Премьера состоялась в четверг вечером. Во второй половине дня в пятницу Эллери позвонил по не указанному в справочниках номеру Кипа Кипли.

– Можешь достать мне два билета на ревю Оррина Стайна? Я пытался, но безуспешно.

– На какой год они тебе нужны? – осведомился обозреватель.

– На субботу.

– На эту субботу?!

– Вот именно.

– Кто я, по-твоему, – Джеки Кеннеди? Ладно, попробую. – Он позвонил через десять минут. – Не возьму в толк, почему я чешу тебе спину, когда ты должен мне невесть сколько pro quo. Билеты будут в кассе.

– Спасибо, Кип.

– Засунь свою благодарность сам знаешь куда. Дай мне что-нибудь для печати – и мы в расчете.

– Сам бы этого хотел, – искренне отозвался Эллери и со вздохом положил трубку.

Несмотря на приближающийся срок сдачи романа в издательство, дело Гилд продолжало его беспокоить. Он понятия не имел, почему внезапно решил посмотреть ревю. Это не имело никакого отношения к размерам таланта Лоретт – Эллери верил Бродвею на слово и, как правило, избегал посещать мюзиклы. Тем не менее, приписывая это профессиональному инстинкту держать палец на пульсе трупа, он в субботу вечером взял за руку сопротивляющегося отца (для инспектора мюзиклы умерли вместе с их постановщиками Флоренцом Зигфелдом и Эрлом Кэрроллом; «Оклахому» он считал скучной, а «Мою прекрасную леди» – фантастической чепухой) и отправился вместе с ним в Римский театр.

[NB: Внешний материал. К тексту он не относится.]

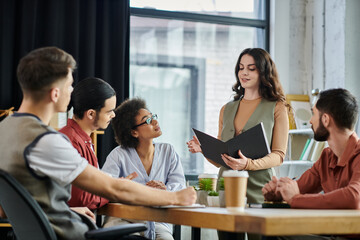 Team members engage in a serious discussion about upcoming time.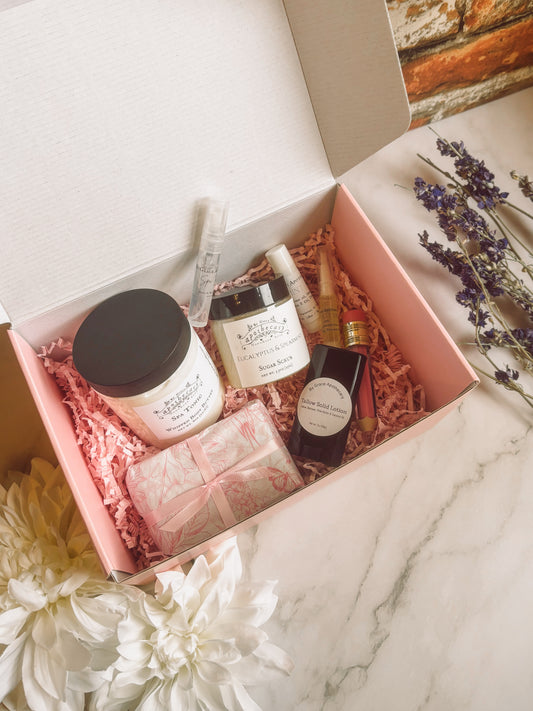 8 products in pink gift box on marble counter.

Их такси пришлось выдержать обычное сражение с транспортом (ни один житель Нью-Йорка в здравом уме не поехал бы на своей машине в театральный район субботним вечером). Обменявшись окрашенными ностальгией замечаниями по поводу вульгарной атмосферы современной Таймс-сквер и растолкав не желающую пропускать их очередь в кассу старого Римского театра – этой Валгаллы,[57]57
  Валгалла – в германской и скандинавской мифологии дворец, куда попадают души воинов, павших в битве.


[Закрыть]
о которой мечтал каждый фанат хит-шоу, – они наконец заняли места в середине шестого ряда партера, перед проходом.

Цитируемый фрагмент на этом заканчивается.